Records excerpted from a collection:
________

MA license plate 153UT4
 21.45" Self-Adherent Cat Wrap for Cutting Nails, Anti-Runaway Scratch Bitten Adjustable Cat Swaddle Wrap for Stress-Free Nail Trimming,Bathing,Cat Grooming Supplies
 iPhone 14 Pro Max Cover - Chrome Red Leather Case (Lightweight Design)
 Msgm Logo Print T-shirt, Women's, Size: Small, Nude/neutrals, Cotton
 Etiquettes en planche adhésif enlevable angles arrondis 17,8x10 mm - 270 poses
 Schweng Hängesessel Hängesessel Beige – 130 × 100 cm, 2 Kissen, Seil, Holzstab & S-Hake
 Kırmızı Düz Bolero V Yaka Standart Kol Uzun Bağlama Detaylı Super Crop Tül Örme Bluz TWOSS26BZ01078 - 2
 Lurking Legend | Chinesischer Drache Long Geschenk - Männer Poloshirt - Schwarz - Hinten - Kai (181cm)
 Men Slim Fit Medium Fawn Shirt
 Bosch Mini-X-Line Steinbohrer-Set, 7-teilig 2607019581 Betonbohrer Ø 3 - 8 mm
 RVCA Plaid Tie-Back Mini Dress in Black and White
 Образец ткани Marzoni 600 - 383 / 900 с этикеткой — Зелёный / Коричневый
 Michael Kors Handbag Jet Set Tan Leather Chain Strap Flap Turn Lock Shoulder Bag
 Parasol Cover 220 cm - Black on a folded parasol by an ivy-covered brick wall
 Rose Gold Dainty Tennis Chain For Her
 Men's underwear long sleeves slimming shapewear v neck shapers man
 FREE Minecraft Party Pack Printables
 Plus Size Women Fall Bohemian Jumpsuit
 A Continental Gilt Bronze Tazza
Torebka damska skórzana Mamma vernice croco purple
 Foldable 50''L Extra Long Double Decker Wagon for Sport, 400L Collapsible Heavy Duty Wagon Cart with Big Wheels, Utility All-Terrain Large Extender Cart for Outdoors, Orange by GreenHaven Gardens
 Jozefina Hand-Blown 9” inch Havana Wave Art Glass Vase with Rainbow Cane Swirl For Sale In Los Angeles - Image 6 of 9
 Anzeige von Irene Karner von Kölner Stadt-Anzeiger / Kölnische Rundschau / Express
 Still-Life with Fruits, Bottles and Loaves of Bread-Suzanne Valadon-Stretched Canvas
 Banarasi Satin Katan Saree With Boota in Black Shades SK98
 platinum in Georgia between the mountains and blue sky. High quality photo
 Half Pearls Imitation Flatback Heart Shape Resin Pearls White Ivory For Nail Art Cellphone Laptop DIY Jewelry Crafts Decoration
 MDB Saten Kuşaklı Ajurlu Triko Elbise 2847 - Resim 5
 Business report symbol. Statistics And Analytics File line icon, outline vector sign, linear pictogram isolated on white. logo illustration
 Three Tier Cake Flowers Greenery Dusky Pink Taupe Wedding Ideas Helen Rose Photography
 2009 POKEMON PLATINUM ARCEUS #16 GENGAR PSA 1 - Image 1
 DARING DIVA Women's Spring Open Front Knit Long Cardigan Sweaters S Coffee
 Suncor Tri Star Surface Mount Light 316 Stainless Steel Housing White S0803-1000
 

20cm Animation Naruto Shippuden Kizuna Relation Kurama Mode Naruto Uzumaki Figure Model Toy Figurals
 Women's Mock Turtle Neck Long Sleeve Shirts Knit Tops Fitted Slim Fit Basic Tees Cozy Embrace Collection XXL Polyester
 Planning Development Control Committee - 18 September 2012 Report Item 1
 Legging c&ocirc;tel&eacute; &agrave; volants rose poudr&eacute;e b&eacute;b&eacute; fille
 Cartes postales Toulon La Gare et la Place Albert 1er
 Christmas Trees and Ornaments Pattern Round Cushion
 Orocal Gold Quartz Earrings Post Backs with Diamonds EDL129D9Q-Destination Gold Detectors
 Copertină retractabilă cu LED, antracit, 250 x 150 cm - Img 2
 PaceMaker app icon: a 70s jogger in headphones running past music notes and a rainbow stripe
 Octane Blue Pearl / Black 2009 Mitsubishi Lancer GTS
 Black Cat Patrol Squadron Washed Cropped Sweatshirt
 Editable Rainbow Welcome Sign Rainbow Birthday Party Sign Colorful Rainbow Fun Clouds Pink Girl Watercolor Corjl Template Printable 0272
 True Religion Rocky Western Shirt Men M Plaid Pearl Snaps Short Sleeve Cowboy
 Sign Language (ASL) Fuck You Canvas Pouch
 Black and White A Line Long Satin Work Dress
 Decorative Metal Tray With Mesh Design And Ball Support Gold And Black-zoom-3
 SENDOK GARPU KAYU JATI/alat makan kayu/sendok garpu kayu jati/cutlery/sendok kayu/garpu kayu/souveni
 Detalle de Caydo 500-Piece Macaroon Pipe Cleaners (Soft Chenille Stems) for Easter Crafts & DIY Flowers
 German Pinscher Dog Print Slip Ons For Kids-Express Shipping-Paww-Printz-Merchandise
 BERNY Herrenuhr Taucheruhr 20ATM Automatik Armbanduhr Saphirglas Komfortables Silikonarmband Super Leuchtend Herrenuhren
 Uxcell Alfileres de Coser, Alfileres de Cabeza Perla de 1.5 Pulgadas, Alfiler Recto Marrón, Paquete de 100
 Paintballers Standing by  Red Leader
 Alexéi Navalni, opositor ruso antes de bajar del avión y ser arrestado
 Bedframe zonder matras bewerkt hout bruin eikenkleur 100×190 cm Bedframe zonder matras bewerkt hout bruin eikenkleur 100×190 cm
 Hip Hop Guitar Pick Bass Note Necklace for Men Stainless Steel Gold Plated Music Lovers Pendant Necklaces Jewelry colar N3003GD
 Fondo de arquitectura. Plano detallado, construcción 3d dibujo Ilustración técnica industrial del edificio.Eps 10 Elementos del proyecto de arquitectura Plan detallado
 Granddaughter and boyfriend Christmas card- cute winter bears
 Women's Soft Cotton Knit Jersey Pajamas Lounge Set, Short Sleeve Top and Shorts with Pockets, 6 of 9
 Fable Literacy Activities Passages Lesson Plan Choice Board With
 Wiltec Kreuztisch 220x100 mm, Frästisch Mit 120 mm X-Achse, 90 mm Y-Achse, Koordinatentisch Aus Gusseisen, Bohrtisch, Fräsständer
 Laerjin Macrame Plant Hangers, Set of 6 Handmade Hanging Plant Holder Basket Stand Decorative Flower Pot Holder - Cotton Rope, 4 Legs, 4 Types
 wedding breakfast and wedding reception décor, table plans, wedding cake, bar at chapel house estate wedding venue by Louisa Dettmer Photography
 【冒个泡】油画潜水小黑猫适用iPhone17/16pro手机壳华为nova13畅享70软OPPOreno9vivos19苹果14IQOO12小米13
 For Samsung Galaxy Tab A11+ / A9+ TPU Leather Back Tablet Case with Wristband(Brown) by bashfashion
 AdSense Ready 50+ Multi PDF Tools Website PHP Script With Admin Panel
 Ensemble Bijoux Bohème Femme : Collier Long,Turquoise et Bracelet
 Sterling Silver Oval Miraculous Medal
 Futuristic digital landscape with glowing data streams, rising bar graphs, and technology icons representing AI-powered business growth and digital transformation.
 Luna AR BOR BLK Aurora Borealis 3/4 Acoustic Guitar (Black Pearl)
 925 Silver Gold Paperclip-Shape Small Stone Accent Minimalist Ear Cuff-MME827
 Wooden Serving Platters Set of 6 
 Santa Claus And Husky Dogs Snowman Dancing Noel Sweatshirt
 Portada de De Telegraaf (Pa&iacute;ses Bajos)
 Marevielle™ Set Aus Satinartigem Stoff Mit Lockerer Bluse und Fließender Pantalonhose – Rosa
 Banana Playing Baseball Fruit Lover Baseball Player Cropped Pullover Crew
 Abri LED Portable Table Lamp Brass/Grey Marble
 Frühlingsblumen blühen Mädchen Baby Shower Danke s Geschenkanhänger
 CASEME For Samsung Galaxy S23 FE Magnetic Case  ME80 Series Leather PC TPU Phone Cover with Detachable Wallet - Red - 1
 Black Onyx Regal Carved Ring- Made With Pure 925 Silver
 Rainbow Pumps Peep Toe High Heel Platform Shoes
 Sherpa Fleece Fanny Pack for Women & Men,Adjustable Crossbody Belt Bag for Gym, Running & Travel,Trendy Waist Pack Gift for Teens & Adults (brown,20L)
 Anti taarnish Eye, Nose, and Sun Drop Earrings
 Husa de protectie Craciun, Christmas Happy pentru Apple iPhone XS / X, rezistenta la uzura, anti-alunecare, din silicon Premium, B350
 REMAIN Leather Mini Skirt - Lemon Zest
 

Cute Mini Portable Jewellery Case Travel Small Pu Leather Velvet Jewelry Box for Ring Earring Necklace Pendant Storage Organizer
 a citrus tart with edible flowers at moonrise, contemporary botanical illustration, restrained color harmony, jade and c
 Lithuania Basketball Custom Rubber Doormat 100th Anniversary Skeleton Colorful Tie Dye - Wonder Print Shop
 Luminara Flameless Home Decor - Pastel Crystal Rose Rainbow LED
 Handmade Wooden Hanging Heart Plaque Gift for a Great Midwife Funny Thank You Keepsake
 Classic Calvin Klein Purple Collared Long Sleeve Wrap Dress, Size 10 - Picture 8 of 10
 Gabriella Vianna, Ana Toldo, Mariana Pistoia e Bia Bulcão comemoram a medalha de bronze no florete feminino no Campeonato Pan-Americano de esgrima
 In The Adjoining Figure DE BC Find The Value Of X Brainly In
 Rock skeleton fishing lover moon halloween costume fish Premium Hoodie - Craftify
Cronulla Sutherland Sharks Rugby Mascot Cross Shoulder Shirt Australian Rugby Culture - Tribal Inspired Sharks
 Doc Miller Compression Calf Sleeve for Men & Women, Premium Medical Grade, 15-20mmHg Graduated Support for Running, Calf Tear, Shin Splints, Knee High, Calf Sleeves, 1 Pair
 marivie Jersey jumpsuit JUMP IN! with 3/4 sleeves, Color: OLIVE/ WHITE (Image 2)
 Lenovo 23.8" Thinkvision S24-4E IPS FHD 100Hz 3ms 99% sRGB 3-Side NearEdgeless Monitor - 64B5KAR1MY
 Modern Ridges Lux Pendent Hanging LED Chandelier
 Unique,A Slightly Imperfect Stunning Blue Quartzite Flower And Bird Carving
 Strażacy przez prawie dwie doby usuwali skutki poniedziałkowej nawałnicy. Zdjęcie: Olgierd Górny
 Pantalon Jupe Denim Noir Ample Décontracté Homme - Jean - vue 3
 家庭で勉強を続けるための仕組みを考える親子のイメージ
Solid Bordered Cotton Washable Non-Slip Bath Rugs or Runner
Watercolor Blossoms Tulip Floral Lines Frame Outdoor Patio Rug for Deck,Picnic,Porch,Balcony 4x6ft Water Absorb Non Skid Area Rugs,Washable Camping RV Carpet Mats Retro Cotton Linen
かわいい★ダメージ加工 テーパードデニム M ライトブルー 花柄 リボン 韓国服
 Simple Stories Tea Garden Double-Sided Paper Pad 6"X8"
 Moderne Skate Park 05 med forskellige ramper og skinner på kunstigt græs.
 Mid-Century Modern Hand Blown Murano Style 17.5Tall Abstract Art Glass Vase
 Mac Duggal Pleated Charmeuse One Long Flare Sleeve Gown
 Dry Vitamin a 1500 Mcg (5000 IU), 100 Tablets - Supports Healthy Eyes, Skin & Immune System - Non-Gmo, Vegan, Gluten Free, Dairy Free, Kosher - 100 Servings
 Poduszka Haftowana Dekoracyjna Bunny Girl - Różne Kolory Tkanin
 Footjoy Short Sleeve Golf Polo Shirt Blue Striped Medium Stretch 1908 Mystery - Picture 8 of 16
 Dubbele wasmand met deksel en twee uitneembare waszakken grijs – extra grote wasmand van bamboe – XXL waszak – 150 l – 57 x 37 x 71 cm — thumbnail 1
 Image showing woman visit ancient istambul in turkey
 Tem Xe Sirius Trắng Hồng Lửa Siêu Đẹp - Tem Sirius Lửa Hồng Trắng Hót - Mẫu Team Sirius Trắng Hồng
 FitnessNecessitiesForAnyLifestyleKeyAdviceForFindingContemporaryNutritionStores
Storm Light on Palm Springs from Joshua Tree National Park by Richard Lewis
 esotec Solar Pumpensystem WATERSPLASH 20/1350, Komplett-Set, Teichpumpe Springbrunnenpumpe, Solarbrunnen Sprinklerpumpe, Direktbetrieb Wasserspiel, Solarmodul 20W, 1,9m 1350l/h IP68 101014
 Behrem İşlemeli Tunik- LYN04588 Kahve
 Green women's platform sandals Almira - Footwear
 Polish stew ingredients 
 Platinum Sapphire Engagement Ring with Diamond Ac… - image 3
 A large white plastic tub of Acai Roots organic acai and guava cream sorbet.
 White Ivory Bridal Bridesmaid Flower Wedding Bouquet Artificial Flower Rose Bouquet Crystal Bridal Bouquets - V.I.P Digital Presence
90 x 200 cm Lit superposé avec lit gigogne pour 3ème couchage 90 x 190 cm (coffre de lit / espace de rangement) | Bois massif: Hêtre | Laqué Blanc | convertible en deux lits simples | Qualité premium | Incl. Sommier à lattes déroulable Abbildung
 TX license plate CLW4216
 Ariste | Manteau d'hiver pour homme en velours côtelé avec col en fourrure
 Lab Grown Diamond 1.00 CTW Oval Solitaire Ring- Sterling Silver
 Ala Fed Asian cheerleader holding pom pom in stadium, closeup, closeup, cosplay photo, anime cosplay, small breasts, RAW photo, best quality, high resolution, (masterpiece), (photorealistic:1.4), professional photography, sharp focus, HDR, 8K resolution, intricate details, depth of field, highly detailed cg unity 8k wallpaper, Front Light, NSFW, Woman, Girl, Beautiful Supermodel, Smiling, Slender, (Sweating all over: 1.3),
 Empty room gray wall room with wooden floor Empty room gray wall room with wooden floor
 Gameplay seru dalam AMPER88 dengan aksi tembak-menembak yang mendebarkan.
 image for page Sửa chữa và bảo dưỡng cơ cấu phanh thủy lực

________

Problem statement:
Copy the lines of the data above exactly as written, beginning with the line containing "MDB Saten Kuşaklı" and ending with the line containing "Paintballers Standing by", and leave out all other lines.

Reply:
 MDB Saten Kuşaklı Ajurlu Triko Elbise 2847 - Resim 5
 Business report symbol. Statistics And Analytics File line icon, outline vector sign, linear pictogram isolated on white. logo illustration
 Three Tier Cake Flowers Greenery Dusky Pink Taupe Wedding Ideas Helen Rose Photography
 2009 POKEMON PLATINUM ARCEUS #16 GENGAR PSA 1 - Image 1
 DARING DIVA Women's Spring Open Front Knit Long Cardigan Sweaters S Coffee
 Suncor Tri Star Surface Mount Light 316 Stainless Steel Housing White S0803-1000
 

20cm Animation Naruto Shippuden Kizuna Relation Kurama Mode Naruto Uzumaki Figure Model Toy Figurals
 Women's Mock Turtle Neck Long Sleeve Shirts Knit Tops Fitted Slim Fit Basic Tees Cozy Embrace Collection XXL Polyester
 Planning Development Control Committee - 18 September 2012 Report Item 1
 Legging c&ocirc;tel&eacute; &agrave; volants rose poudr&eacute;e b&eacute;b&eacute; fille
 Cartes postales Toulon La Gare et la Place Albert 1er
 Christmas Trees and Ornaments Pattern Round Cushion
 Orocal Gold Quartz Earrings Post Backs with Diamonds EDL129D9Q-Destination Gold Detectors
 Copertină retractabilă cu LED, antracit, 250 x 150 cm - Img 2
 PaceMaker app icon: a 70s jogger in headphones running past music notes and a rainbow stripe
 Octane Blue Pearl / Black 2009 Mitsubishi Lancer GTS
 Black Cat Patrol Squadron Washed Cropped Sweatshirt
 Editable Rainbow Welcome Sign Rainbow Birthday Party Sign Colorful Rainbow Fun Clouds Pink Girl Watercolor Corjl Template Printable 0272
 True Religion Rocky Western Shirt Men M Plaid Pearl Snaps Short Sleeve Cowboy
 Sign Language (ASL) Fuck You Canvas Pouch
 Black and White A Line Long Satin Work Dress
 Decorative Metal Tray With Mesh Design And Ball Support Gold And Black-zoom-3
 SENDOK GARPU KAYU JATI/alat makan kayu/sendok garpu kayu jati/cutlery/sendok kayu/garpu kayu/souveni
 Detalle de Caydo 500-Piece Macaroon Pipe Cleaners (Soft Chenille Stems) for Easter Crafts & DIY Flowers
 German Pinscher Dog Print Slip Ons For Kids-Express Shipping-Paww-Printz-Merchandise
 BERNY Herrenuhr Taucheruhr 20ATM Automatik Armbanduhr Saphirglas Komfortables Silikonarmband Super Leuchtend Herrenuhren
 Uxcell Alfileres de Coser, Alfileres de Cabeza Perla de 1.5 Pulgadas, Alfiler Recto Marrón, Paquete de 100
 Paintballers Standing by  Red Leader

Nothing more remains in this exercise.